Dans les financements mobilisés, l’insuffisance des ressources intérieures, publiques et privées confondues, constitue une explication importante du « gap » constaté. Parmi ces financements locaux, l’Etat tient une place centrale par les impôts et taxes qu’il draine. Son action est cependant handicapée par le poids élevé et croissant des charges de fonctionnement de la puissance publique et par la faiblesse persistante de la pression fiscale, et cette situation ne devrait s’améliorer qu’à moyen terme. Dans l’attente, les ressources privées pourraient donc prendre une importance grandissante, soit  par le canal des intermédiaires financiers et leur activité de transformation, soit par un investissement direct effectué par les nationaux.

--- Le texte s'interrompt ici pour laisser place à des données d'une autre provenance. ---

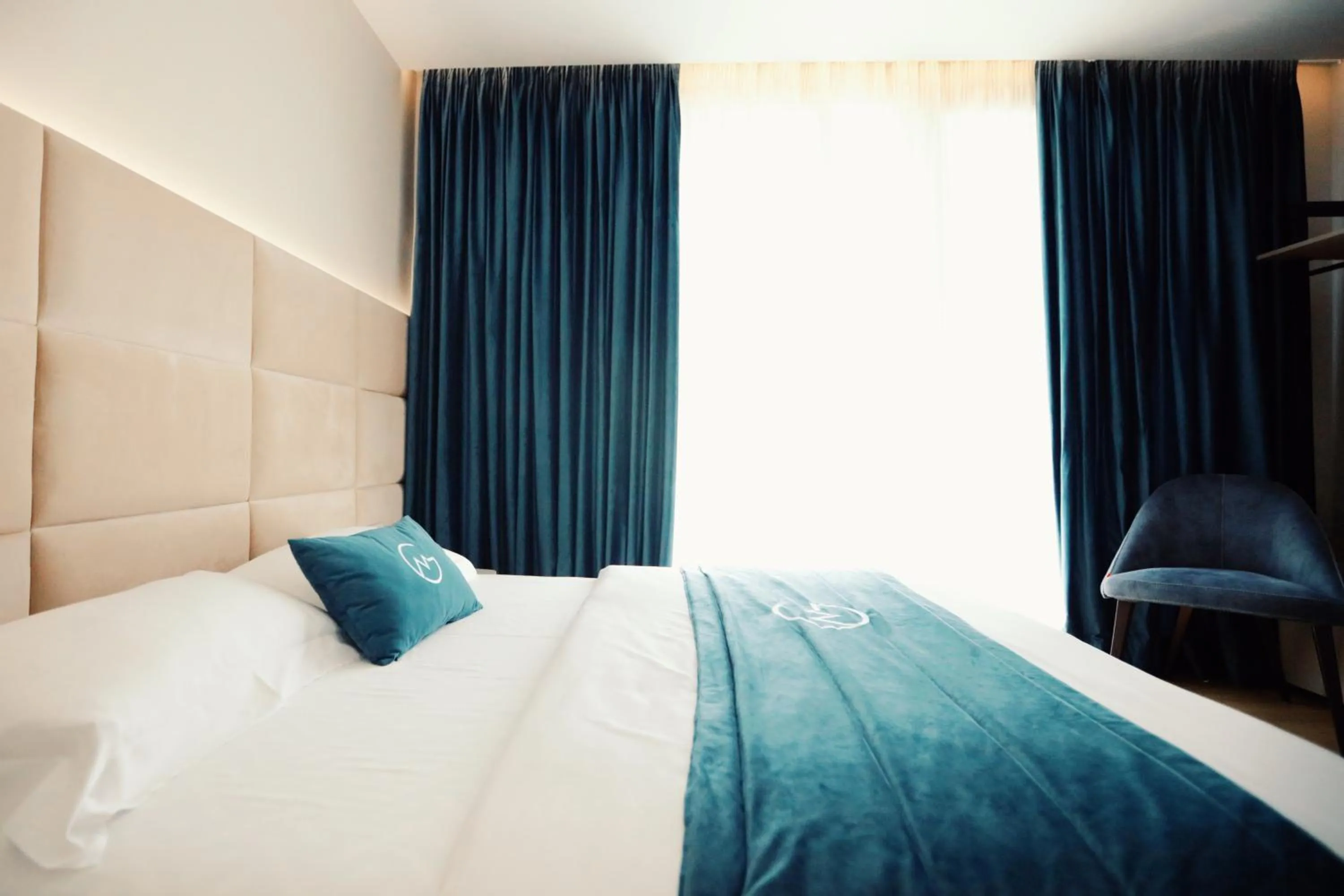 Bedroom, Bed in Grand Mirage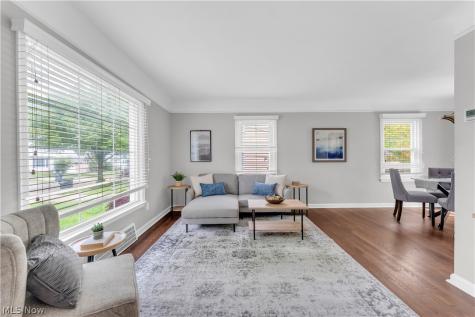 1547 Commodore Road Lyndhurst OH 44124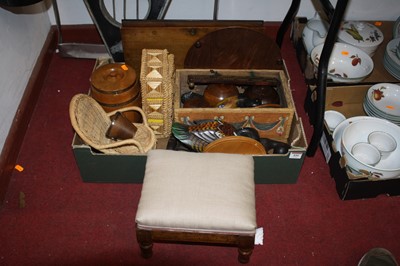 Lot 850 - A box of miscellaneous items to include...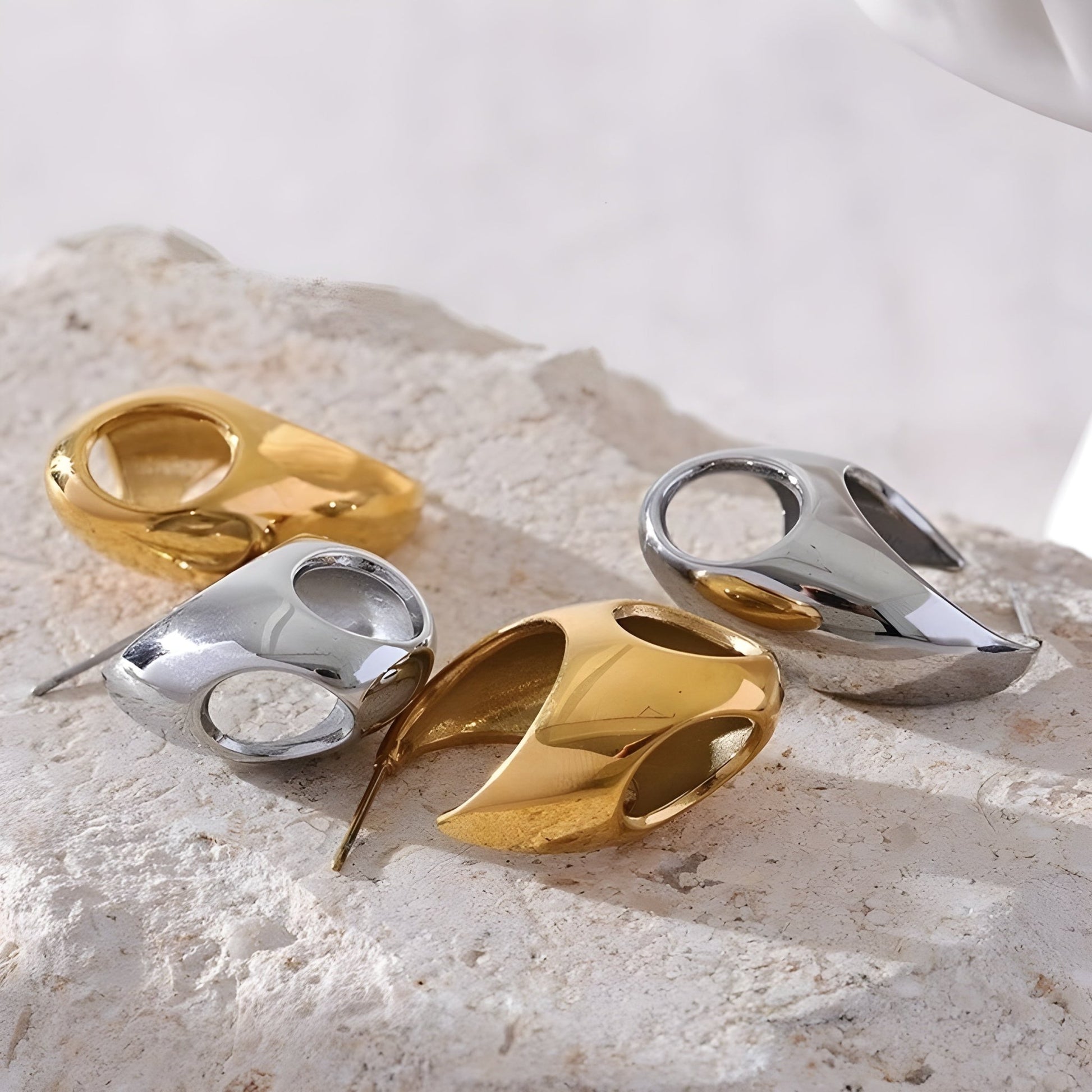 BEHI JUDY EARRINGS - Etoilux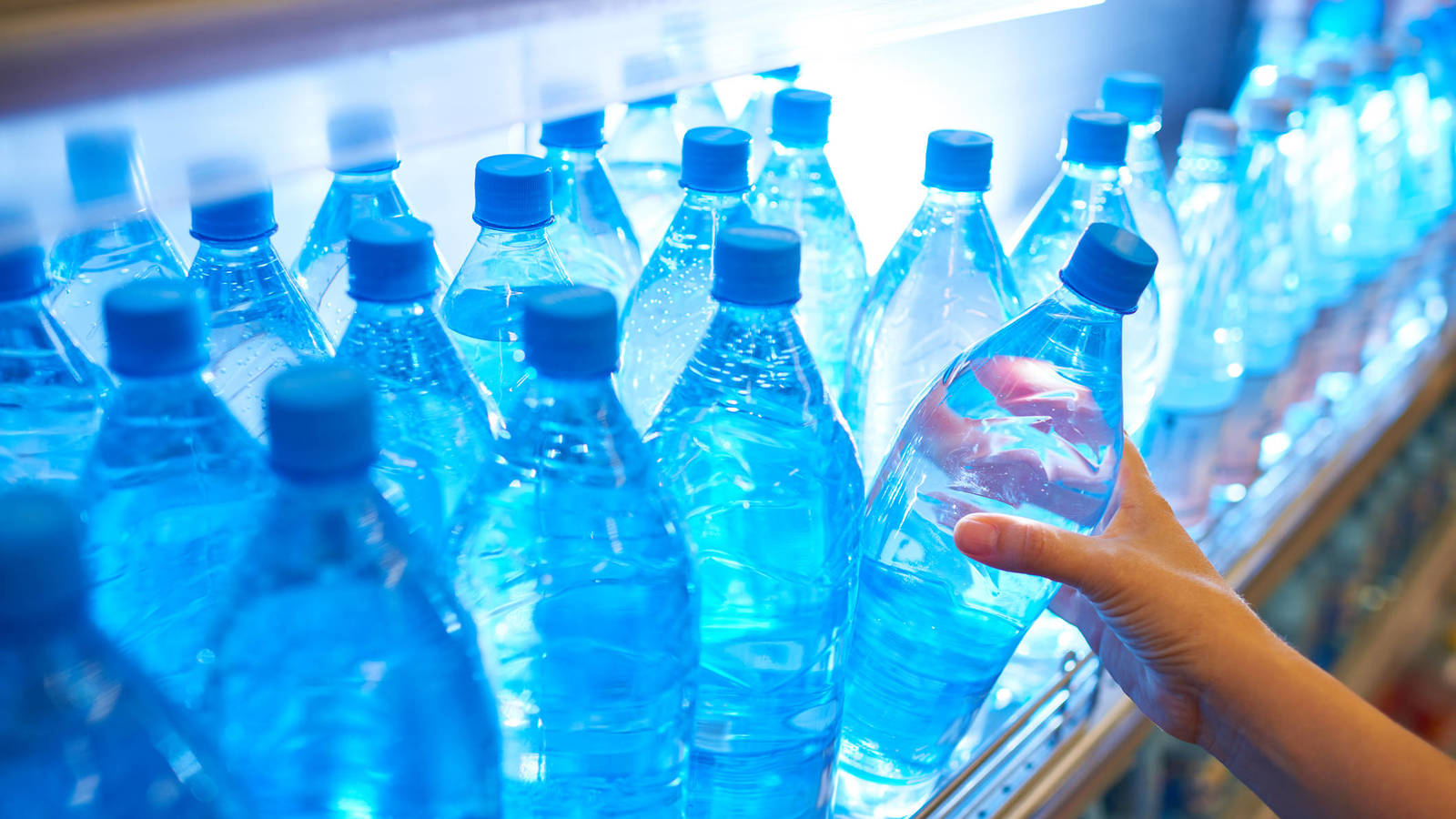 Dicen 1,700 empresas venden agua al granel y no apta para consumo humano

Pour les intermédiaires financiers, plusieurs cas de figure sont à distinguer. Les banques commerciales ont désormais des moyens nettement accrus grâce à l’augmentation de leurs fonds propres et aux progrès de leurs activités. Leurs ratios prudentiels sont certes partout très limitatifs pour des prises de participation. En revanche, l’octroi de concours à moyen et long terme pour des investissements relève directement de leur mission et leurs possibilités de transformation ont été améliorées, comme dans l’Union Economique et Monétaire Ouest Africaine (UEMOA) en 2015 avec l’abaissement à 50% du ratio correspondant contre 75% précédemment. Même s’il est encore trop tôt pour évaluer les effets de cette disposition, il est certain que les banques considèrent avec plus de facilité les financements à moyen et long terme. La nette croissance des concours à l’immobilier dans de nombreuses banques le prouve : cette évolution a d’ailleurs été facilitée également par la mise en place en 2010 de la Caisse Régionale de Refinancement  Hypothécaire (CRRH). Dans l’UEMOA, des accords ont aussi par exemple été mis au point entre des banques et la Banque Ouest Africaine de Développement (BOAD) pour cofinancer des prêts accordés à des entreprises de travaux publics chargées de construire des routes,. Ces coopérations privé/public sont aussi appliquées dans d’autres régions, et même à plus grande échelle, notamment par les grandes banques sud-africaines ou nigérianes. Les exemples de syndication de prêts de plusieurs centaines de millions de USD par Nedbank pour le gigantesque parc éolien du lac Turkana au Kenya ou par la First Bank of Nigéria pour le pipeline Accugas III au Nigéria l’illustrent parfaitement.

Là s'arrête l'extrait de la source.